— SOURCE MATERIAL —
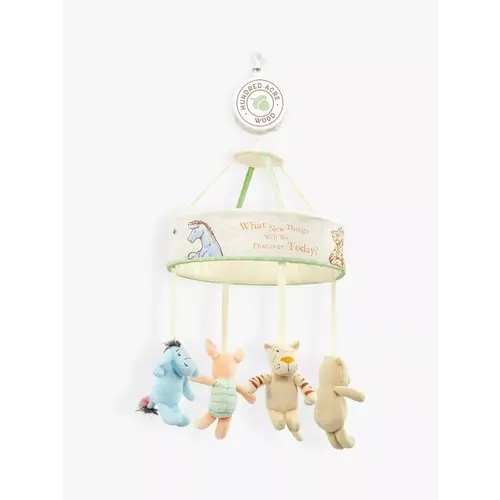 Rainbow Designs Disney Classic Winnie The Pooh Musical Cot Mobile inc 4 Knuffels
---
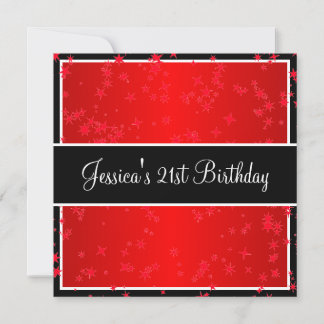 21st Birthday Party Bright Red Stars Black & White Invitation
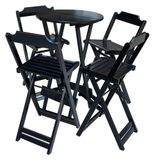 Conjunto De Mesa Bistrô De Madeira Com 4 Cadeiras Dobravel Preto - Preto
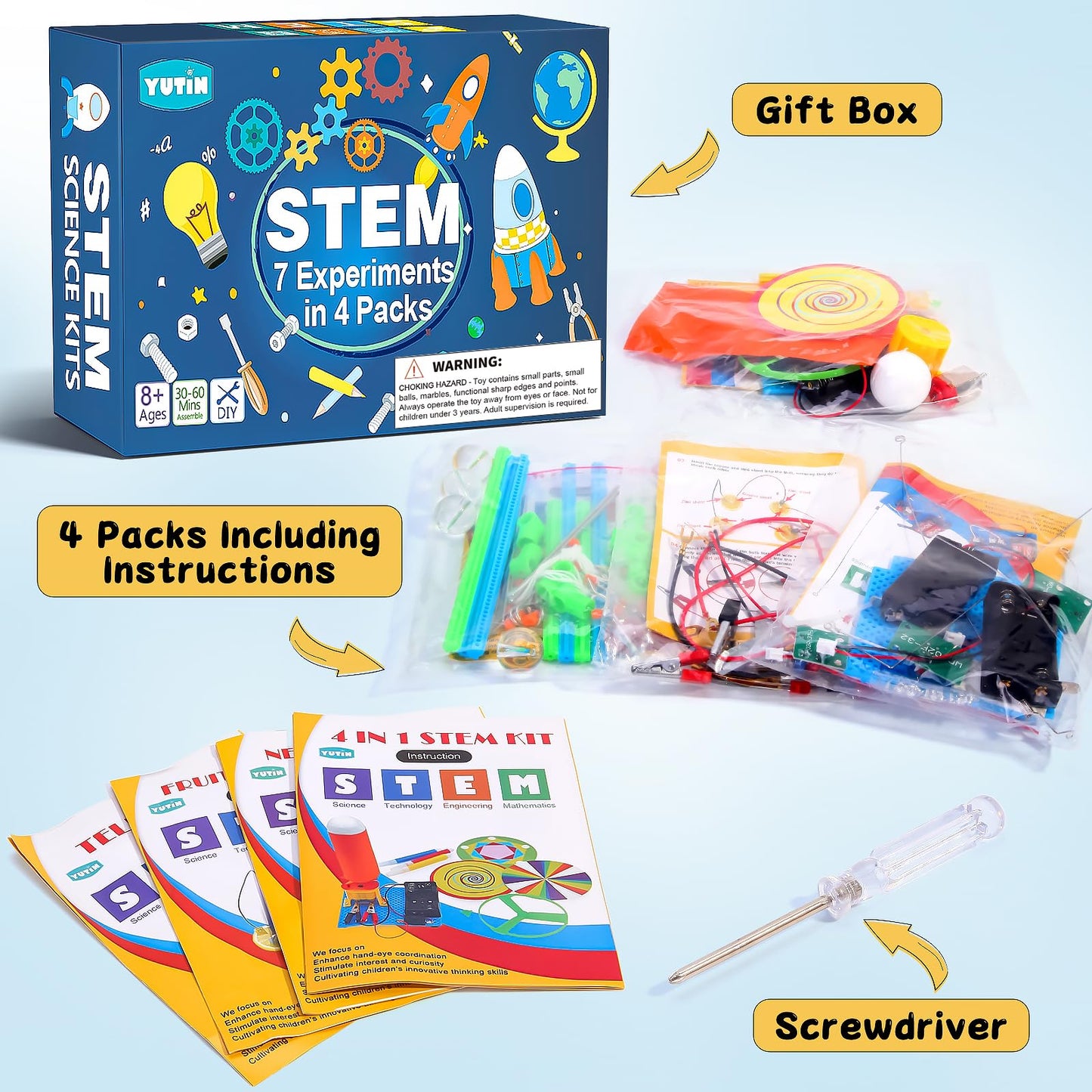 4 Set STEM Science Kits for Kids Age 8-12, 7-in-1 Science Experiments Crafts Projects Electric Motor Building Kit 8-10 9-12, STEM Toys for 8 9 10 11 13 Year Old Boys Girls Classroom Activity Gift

— EXERCISE REQUIREMENTS —
Reproduce the listing above exactly from the line containing "Conjunto De Mesa" up to and including the line containing "4 Set STEM Science", omitting any images and everything outside those lines.

— COMPLETED EXERCISE —
 Conjunto De Mesa Bistrô De Madeira Com 4 Cadeiras Dobravel Preto - Preto
 4 Set STEM Science Kits for Kids Age 8-12, 7-in-1 Science Experiments Crafts Projects Electric Motor Building Kit 8-10 9-12, STEM Toys for 8 9 10 11 13 Year Old Boys Girls Classroom Activity Gift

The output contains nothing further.